The Environment Agency in England has announced that the River Ouseburn has been diverted as part of a major scheme to tackle flooding in Brunton Park, Newcastle.

Northumbrian Water and the Environment Agency began the £7 million joint flood reduction scheme in October 2014.

Paul Davison, Northumbrian Water’s project manager, said:

“We know that being flooded is a truly awful experience for our customers and reducing the risk of flooding to homes and businesses is our top priority.

“It is the first time that Northumbrian Water has worked on a scheme which has involved creating a section of new river channel so that the current channel can be used for storage. This is an innovative and creative solution which will enable us to manage surface water in the natural environment.”

The Brunton Park scheme will reduce the risk of flooding to more than 100 properties in Mitford Gardens, Princes Close, Fairway Close, Princes Road, Waterbury Road and Clayworth Road.

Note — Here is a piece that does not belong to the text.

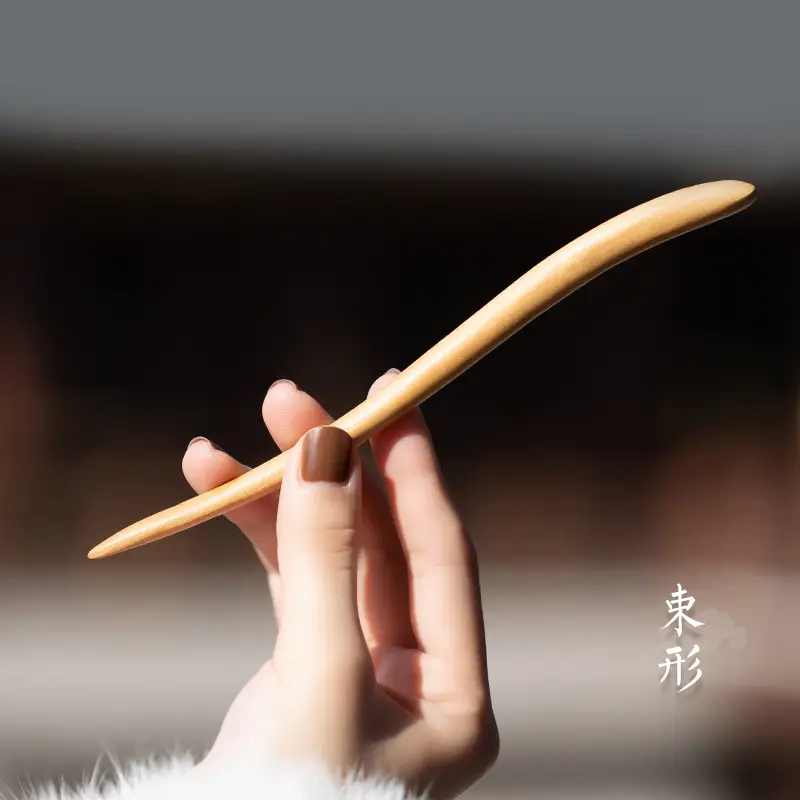 Peach Wood New Year Hairpin Chinese Style - Image 9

Environment Agency Flood Risk Manager for the North East, Phil Welton, said:

“Diverting the river channel further west into the golf course is a major part of this vital scheme to protect homes in Brunton Park, and turning the flow from the old channel to new marks a key moment.

“This project is a great example of how working in partnership brings integrated and sustainable solutions to life, achieving better outcomes for local residents and ensuring projects are delivered with better value for money.”

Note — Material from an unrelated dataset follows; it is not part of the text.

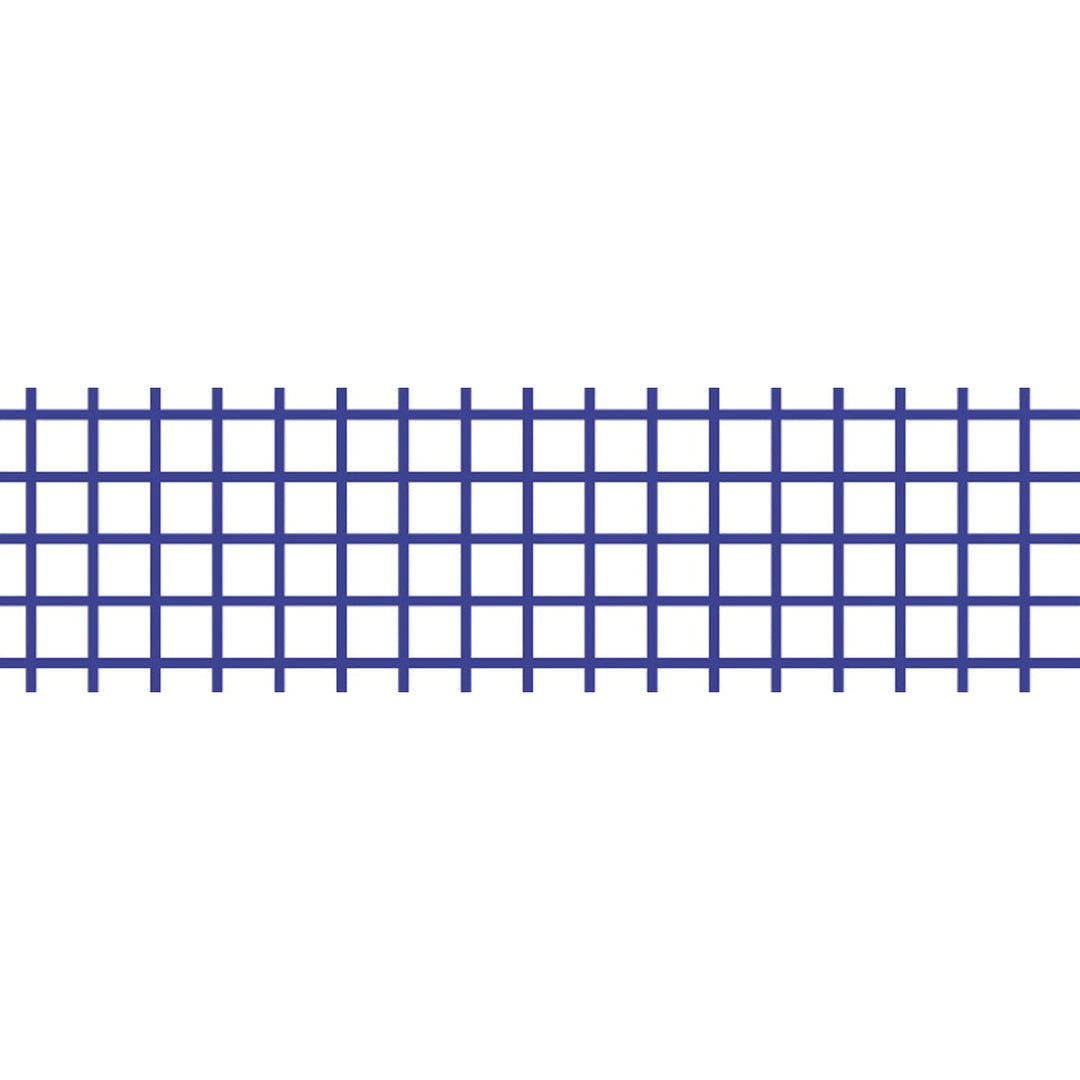 MT Deco washi tape Hougan Blueberry, close-up of the blue grid pattern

Work has involved installing 380 metres of new river channel to divert the flow of the Ouseburn from the estate, constructing 650 metres of flood defences (walls and earth embankment) using the current section of Ouseburn river channel and a new storage basin to drain and store more than seven million litres of surface water.

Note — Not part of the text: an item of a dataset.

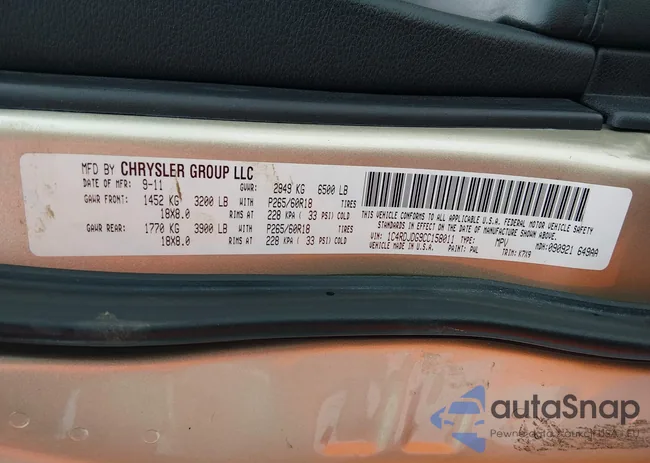 1C4RDJDG9CC158011: 44379103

It’s also included installing two kilometres of new sewer pipe and a new storage tank, which will hold up to 450,000 litres of water.

The newly created river channel and storage basin, known as SuDS (sustainable urban drainage system), will also create additional water dependent habitat for wildlife, and a Kingfisher nest and perch will be installed.

Remaining work, which will be completed in July, will involve completing the construction of the flood defence embankment and walls; diversion and construction of surface water outfalls which will discharge surface water from the sewer network into the SuDS basin; creation of the storage basin alongside the existing river channel and reinstatement and landscaping work.